A second, and fundamental, law is the 1998 Human Rights Act, which makes it unlawful for a public authority to act incompatibly with rights that include the right of free expression under article 10 of the European Convention. The right is not absolute or unqualified: it can be abrogated or restricted where to do so is lawful, proportionate and necessary for (among other things) public safety, the prevention of disorder or the protection of the rights of others. These qualifications do not include a right not to be offended. 

The European Court of Human Rights has not helped here. In a judgment handed down in 2016, it upheld the order of a Swiss court requiring an organisation which campaigned against anti-Semitism to withdraw its criticism of an academic commentator for writing ‘Quand Israël s’expose sur la scène internationale, c’est bien le judaïsme qui s’expose en même temps.’ It is disturbing that the court failed to protect a publication which contended that propositions like these ‘glissent carrément vers l’antisémitisme’ (‘are clearly edging towards anti-Semitism’). Why were both the article and the critique not equally protected by article 10? The upholding of the Swiss judgment is another in a long line of cases, starting in 1976 with the Little Red Schoolbook case against the UK, in which the Strasbourg court has tolerated intolerant decisions of national courts on freedom of expression by giving them the benefit of a ‘margin of appreciation’.

Although the abstentionist nature of Strasbourg jurisprudence does little to prevent official intervention aimed at muting criticism of Israel, it can be readily seen why it may be contrary to law in the UK to bar a speaker or an event because of anticipated criticism of Israel’s human rights record, or of its policies and practices of land annexation. If so, the bar cannot be validated by a policy, much less one as protean in character and as open-ended in shape as the IHRA definition.
In recent times a number of institutions, academic, religious and social, have stood up to pressure to abandon events critical of Israel.

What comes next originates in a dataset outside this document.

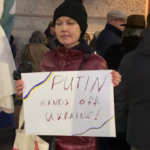 Ucraina, a Milano presidio contro un evento filo Putin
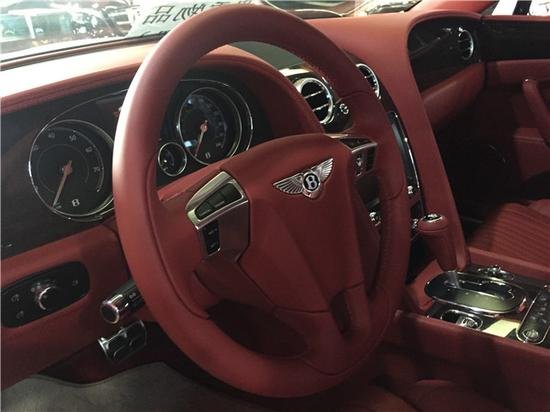 2017款宾利飞驰4.0TV8 最便宜价格235万-图6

What are less easy to track are events which failed to take place because of such pressure, or for fear of it; but the IHRA definition offers encouragement to pro-Israel militants whose targets for abuse and disruption in London have recently included the leading American scholar and critic of Israel Richard Falk, and discouragement to university authorities which do not want to act as censors but worry that the IHRA definition requires them to do so.
When a replica of Israel’s separation wall was erected in the churchyard of St James, Piccadilly in 2013, the Spectator denounced it as an ‘anti-Israeli hate-festival’ – a description now capable of coming within the IHRA’s ‘working definition’ of anti-Semitism. In such ways the official adoption of the definition, while not a source of law, gives respectability and encouragement to forms of intolerance which are themselves contrary to law, and higher education institutions in particular need to be aware of this.